Ma anche perché ha tracciato il punto di non ritorno di una proprietà che da lì ha preso solo decisioni di pancia, confuse e disorganizzate. Come?
Cacciando due allenatori, sfoltendo l’organigramma dirigenziale, ascoltando soltanto la voce interna della Ceo Souloukou e quella esterna di Charles Gould della Retexo senza avvalersi di altri consigli di chi invece avrebbe potuto cambiare immediatamente le sorti di una stagione che è a un filo dall’essere compromessa definitivamente.
Il direttore sportivo è stato preso tramite una società di consulenza e non parla altra lingua che il francese, il direttore tecnico resta soltanto un’invocazione di chi lavorava (e lavora) quotidianamente all’interno del Fulvio Bernardini, oltre che dei tifosi che dal primo anno di Mou avevano capito il bisogno di una figura che proteggesse mediaticamente l’allenatore, i giocatori e lo stesso club.
La scelta dell’ultimo allenatore, Ivan Juric, è arrivata tramite consigli esterni, interpretazioni tattiche e valutazioni algoritmiche che al momento non stanno avendo successo. Insomma, 294 giorni di caos nei quali è stato cancellato tutto quello che è stato fatto di buono nelle stagioni precedenti e che hanno portato la Roma in purgatorio. Il problema per i tifosi è che la discesa può ancora proseguire.
Roma, 120 milioni investiti male e i dirigenti
I Friedkin - ora impegnati soprattutto sull’Everton - hanno indirettamente rivendicato il loro importante investimento sul mercato, spiegando così anche l’esonero di DDR dopo appena quattro partite e un rinnovo triennale firmato appena due mesi prima. Sono 123,2 i milioni spesi per gli acquisti, mica male per un mercato in tempo di crisi. I soldi ci sono, però poi bisogna investirli bene.
Non si discutono i 35 milioni per Dovbyk, fin qui uno dei pochi positivi e che è riuscito a segnare sei gol ricevendo pochi palloni giocabili. Ci si può domandare invece perché arrivare a spendere 23 milioni per Le Fée per cedere Bove a 12, o perché non prendere un terzino destro titolare promuovendo il panchinaro Celik e chiamando Abdulhamid dagli Emirati.
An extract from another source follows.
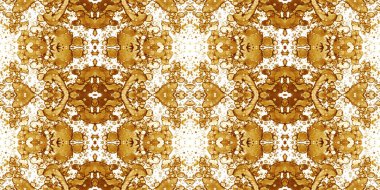 Kusursuz soyut desen. Sanat dokusu. Sanat eseri. Yaratıcı, kusursuz arkaplan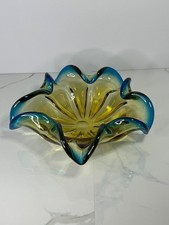 Murano style art for sale  Mullica Hill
Poi riscattare Angeliño senza però inserire un altro titolare ma il giovane e inesperto Dahl dal Djurgarden. Totale minuti giocati dallo svedese: zero.
Poi gli innesti tardivi di Koné, Hermoso e Hummels, tre profili chiesti da De Rossi a inizio estate e arrivati a fine mercato, pochi giorni prima del suo esonero. Tanti punti di domanda che non hanno ancora ricevuto risposte. Il perché è semplice: i Friedkin non parlano se non attraverso comunicati, la Ceo Souloukou durante il suo incarico non ha mai rilasciato una dichiarazione ufficiale, Ghisolfi sembra aver preso da poco il controllo completo della direzione sportiva.
Ah, già: il club da un mese e mezzo è anche senza amministratore delegato. La Roma è nel caos: la colpa a Trigoria veniva attribuita prima a Mourinho e poi a De Rossi, ora invece non viene neanche più puntato il dito. Forse perché al Fulvio Bernardini non c’è più nessuno, forse perché il dito non sa più dove puntare: se in Texas, in California, in Inghilterra o in Francia. Di sicuro, almeno fino a ora, non nella sede della Roma.